Händel: Triosonates op. 5 nr. 1-7 HWV 396/402. Al ayre español o.l.v. Eduardo López Banzo. Challenge CC 72663 (76’34”). 2014
In tegenstelling tot wat de programmatoelichting bij deze cd suggereert zijn vrijwel geen van de triosonates op. 5 originele composities, zulks in tegenstelling tot die uit op. 2. Zelfs John Walsh die op. 5 in 1736 publiceerde gaat niet zover om dat te beweren.
Maar Händel modificeerde die originelen natuurlijk wel fraai en paste ze aan de nieuwe vorm aan. Het begint al meteen in een largo dat insiders zullen herkennen als het moment waar Bajazet uit Tamerlano, in gemodificeerde vorm naar binnen stapt.

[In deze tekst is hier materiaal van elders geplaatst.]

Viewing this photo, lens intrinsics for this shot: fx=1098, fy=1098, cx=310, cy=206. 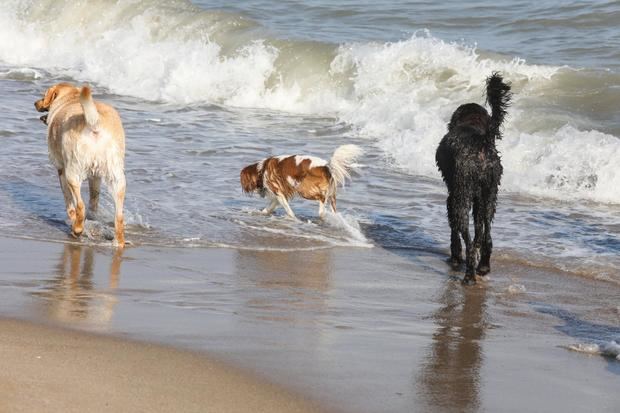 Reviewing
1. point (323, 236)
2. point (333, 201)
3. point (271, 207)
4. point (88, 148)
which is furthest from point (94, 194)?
point (333, 201)

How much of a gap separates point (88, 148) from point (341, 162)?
2245 mm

Verder komen vervreemde delen uit de Chandos anthems langs zijn een musette uit Alcina en andere dansmuziek uit opera’s.
Maar het is boeiend om te horen hoe de componist dit materiaal knap en boeiend verwerkt tot een fraai geheel onder de naam ‘Seven triosonatas for two violins with a thorough bass for the harpsichord and violoncello’ dat eigen bestaansrecht heeft.

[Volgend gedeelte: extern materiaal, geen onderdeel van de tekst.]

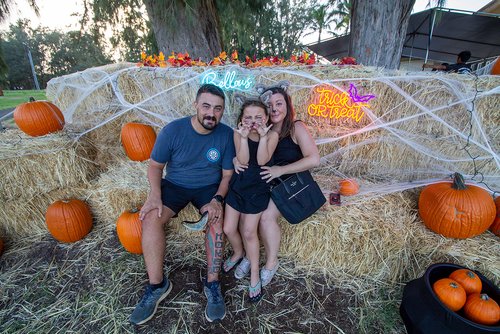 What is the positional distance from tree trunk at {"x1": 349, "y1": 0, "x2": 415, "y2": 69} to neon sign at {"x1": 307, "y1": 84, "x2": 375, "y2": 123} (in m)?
1.66

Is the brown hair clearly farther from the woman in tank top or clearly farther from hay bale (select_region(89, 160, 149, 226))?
hay bale (select_region(89, 160, 149, 226))

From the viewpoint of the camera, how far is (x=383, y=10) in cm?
332

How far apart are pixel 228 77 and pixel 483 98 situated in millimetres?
2423

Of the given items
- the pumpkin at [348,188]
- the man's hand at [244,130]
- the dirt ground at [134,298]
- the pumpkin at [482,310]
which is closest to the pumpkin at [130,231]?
the dirt ground at [134,298]

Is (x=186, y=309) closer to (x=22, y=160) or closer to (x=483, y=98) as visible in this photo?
(x=22, y=160)

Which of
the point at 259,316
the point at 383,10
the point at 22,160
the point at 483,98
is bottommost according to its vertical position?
the point at 259,316

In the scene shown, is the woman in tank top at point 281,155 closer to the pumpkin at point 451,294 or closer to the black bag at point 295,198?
the black bag at point 295,198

Met zijn goed getrainde en in Händelkwesties goed thuis zijnde ensemble zorgt López Banzo voor vertolkingen waarin de dramatiek en de dynamiek een wezenlijke rol spelen. De onderlinge contrasten van tempi en luidheid zijn opvallend en de muziek klinkt daardoor vooral levendig. Typische barokvaart en intensiteit zijn kenmerkend voor deze realisatie.

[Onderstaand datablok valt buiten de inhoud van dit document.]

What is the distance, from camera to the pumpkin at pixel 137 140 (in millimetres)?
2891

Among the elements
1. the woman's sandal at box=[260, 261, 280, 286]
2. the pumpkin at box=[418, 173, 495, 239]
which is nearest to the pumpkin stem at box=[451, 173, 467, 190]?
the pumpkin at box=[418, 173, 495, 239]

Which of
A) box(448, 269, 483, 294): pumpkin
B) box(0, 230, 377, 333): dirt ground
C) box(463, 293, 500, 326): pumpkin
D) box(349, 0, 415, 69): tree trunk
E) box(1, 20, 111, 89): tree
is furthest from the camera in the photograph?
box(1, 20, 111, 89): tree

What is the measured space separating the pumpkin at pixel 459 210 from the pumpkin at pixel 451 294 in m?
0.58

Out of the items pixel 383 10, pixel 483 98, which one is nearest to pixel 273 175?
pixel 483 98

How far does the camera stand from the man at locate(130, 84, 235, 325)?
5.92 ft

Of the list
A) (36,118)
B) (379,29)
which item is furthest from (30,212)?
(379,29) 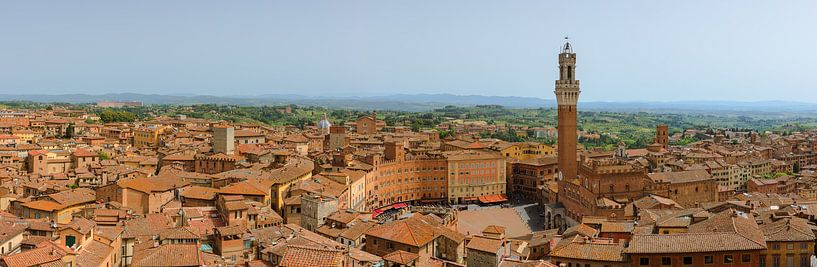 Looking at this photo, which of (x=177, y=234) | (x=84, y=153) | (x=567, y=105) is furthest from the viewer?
(x=567, y=105)

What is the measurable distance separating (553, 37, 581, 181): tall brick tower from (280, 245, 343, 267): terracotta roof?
5062 centimetres

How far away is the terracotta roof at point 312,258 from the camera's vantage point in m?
22.5

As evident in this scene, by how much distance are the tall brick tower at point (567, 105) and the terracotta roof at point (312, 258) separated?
50622mm

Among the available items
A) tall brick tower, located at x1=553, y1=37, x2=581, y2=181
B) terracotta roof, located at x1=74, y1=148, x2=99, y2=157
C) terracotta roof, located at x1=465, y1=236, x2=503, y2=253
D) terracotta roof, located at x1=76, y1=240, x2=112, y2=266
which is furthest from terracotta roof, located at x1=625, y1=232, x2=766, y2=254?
terracotta roof, located at x1=74, y1=148, x2=99, y2=157

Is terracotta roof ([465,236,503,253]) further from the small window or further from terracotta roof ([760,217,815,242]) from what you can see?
terracotta roof ([760,217,815,242])

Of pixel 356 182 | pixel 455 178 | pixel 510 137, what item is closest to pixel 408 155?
pixel 455 178

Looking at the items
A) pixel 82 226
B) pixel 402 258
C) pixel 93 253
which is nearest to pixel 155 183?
pixel 82 226

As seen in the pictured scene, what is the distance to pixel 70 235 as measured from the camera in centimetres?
3064

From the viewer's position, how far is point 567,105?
7225 cm

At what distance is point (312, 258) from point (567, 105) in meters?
53.3

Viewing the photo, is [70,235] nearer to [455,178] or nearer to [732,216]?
[732,216]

Dat bij alle enthousiasme de tempi soms te ver worden opgevoerd, accenten teveel nadruk krijgen, de continuopartij niet altijd zorgvuldig is uitgewerkt ondanks de welkome aanwezigheid van een aartsluit, moet men voor lief nemen. Maar stimulerend klinkt het wel. Wie op zoek is naar een evenwichtiger interpretatie kan terecht bij de Brook Street Band (Avie AV 2068) of de London Händel players (Somm SOMM 044). L’école d’Orphée (CRD 3377) valt af als gevolg van een te groot verschil in toonkwaliteit tussen John Holloway en Micaela Comberti.